__PROBLEM DESCRIPTION__. Go to the line below containing "SILKY Professional Series" and print exactly from there through the line containing "Drawing Sitting Gorilla", both included. Print nothing else.
RECORDS FOR THIS TASK: Begin
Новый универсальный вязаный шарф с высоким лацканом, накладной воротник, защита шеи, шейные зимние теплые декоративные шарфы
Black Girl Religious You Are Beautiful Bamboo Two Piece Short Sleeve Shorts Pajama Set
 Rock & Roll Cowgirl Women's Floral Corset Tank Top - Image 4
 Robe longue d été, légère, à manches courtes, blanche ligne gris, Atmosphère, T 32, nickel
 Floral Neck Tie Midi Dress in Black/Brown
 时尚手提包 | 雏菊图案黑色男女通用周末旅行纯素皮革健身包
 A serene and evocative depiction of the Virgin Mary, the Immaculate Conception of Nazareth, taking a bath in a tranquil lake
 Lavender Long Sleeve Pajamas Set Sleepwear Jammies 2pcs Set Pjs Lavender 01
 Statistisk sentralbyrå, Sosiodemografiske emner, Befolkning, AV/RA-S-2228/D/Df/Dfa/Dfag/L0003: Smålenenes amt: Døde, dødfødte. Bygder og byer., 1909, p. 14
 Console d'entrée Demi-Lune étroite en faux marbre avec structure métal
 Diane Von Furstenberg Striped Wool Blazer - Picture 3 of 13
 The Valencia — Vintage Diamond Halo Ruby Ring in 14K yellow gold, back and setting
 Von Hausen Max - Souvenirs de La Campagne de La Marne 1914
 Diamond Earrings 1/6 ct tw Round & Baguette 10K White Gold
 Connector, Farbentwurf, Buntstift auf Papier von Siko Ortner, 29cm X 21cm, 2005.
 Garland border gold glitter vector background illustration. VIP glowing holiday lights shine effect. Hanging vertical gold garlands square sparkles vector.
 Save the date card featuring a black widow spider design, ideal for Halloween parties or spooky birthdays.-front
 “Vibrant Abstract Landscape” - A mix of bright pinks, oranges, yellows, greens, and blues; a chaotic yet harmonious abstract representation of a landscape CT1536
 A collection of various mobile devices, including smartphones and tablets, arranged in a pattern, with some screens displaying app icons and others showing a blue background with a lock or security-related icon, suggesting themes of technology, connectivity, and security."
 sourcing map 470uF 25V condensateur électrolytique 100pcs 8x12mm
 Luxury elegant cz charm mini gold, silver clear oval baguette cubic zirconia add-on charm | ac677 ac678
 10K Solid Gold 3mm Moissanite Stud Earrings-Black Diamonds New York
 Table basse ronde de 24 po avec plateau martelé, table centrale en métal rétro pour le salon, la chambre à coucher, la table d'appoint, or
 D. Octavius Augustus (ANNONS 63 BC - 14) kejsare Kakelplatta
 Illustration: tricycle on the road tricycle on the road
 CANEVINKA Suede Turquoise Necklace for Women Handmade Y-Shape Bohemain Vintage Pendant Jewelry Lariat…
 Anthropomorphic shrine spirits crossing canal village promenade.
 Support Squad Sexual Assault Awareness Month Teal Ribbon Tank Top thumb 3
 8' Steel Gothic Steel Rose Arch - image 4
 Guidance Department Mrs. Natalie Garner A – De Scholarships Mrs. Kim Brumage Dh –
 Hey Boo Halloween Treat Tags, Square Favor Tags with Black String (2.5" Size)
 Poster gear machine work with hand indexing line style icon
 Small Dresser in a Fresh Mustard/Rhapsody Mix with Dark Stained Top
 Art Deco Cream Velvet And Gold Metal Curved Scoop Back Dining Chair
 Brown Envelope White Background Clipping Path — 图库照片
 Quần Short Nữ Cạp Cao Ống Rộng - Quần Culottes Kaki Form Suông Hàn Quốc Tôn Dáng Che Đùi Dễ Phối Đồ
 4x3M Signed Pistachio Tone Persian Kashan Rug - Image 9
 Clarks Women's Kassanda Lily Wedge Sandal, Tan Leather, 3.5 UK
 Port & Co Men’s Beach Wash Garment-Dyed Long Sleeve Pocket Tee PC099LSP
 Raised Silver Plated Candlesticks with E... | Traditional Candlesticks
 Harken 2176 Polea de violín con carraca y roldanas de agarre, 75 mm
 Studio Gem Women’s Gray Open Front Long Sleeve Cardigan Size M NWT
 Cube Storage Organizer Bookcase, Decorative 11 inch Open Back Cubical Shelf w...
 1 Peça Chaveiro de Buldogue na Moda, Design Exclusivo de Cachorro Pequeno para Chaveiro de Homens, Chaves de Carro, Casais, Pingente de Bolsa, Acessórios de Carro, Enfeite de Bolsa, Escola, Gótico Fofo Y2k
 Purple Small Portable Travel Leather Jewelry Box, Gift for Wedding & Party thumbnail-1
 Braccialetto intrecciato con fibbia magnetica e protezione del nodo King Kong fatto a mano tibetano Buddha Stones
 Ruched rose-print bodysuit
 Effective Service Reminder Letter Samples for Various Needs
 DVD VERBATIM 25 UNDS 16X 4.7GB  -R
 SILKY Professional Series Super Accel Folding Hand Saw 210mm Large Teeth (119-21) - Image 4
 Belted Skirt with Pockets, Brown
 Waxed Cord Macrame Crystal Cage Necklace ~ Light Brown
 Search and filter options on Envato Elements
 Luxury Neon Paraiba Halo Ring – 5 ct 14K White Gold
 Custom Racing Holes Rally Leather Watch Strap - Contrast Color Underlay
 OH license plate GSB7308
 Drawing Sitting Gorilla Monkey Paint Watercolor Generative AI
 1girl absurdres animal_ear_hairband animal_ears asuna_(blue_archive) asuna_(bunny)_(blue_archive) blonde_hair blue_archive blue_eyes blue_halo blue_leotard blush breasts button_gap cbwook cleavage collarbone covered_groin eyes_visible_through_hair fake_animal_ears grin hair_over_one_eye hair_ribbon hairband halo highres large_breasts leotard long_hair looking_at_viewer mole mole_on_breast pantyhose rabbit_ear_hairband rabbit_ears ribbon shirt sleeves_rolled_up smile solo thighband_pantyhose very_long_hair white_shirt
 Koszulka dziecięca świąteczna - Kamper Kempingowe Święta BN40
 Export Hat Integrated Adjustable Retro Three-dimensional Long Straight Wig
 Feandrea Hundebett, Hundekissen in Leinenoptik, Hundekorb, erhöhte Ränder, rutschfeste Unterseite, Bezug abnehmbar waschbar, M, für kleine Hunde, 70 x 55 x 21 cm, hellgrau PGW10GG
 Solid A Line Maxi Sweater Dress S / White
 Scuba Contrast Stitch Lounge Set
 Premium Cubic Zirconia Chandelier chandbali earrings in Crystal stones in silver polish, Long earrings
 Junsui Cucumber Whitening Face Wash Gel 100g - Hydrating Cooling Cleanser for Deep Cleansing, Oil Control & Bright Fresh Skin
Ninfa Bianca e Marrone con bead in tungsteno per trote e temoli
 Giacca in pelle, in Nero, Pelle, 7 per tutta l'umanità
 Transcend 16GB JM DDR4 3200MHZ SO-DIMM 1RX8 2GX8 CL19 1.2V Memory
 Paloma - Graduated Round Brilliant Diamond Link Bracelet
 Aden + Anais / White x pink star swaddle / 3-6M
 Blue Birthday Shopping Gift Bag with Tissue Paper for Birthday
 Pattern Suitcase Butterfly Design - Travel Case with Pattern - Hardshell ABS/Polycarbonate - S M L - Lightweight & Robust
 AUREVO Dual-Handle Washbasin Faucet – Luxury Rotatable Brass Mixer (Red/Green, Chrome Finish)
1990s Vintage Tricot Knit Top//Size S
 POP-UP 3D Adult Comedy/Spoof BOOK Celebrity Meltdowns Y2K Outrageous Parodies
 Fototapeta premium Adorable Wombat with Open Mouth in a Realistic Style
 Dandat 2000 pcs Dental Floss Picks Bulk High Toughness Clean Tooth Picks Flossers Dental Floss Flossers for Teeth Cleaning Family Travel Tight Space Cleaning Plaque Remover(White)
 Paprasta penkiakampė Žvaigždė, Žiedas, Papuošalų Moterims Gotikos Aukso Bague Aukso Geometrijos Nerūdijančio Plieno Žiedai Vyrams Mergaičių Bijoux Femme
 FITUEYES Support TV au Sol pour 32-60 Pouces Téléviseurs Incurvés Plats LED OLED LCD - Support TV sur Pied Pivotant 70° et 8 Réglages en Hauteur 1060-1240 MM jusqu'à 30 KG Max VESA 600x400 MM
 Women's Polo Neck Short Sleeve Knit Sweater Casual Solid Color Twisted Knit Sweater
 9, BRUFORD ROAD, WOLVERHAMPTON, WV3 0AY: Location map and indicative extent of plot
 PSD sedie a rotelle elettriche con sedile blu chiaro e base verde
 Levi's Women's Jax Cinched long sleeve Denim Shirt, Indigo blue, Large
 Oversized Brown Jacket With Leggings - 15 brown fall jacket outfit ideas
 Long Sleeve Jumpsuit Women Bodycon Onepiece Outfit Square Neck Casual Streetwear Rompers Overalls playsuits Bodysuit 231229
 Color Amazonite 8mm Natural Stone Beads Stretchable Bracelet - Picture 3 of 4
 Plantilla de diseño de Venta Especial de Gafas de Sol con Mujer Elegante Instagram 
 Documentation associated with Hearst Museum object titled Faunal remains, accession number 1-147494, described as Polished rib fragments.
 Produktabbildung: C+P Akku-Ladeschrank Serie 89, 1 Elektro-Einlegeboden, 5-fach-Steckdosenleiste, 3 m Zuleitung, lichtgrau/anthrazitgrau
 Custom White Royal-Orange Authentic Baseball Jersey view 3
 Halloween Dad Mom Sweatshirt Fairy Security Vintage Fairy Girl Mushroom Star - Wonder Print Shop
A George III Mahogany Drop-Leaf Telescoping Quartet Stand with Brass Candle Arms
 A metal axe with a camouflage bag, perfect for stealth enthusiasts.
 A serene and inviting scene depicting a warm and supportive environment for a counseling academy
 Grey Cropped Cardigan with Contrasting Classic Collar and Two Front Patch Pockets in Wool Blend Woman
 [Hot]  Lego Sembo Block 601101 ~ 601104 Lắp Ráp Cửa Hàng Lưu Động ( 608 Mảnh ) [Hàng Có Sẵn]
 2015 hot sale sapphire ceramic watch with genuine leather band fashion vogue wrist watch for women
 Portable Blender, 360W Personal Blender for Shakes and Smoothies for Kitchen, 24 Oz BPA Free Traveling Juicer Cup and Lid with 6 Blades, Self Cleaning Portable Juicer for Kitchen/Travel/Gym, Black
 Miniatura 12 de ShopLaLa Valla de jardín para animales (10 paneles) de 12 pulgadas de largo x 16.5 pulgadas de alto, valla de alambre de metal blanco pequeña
RECORDS FOR THIS TASK: End
__OUTPUT BELOW__.
 SILKY Professional Series Super Accel Folding Hand Saw 210mm Large Teeth (119-21) - Image 4
 Belted Skirt with Pockets, Brown
 Waxed Cord Macrame Crystal Cage Necklace ~ Light Brown
 Search and filter options on Envato Elements
 Luxury Neon Paraiba Halo Ring – 5 ct 14K White Gold
 Custom Racing Holes Rally Leather Watch Strap - Contrast Color Underlay
 OH license plate GSB7308
 Drawing Sitting Gorilla Monkey Paint Watercolor Generative AI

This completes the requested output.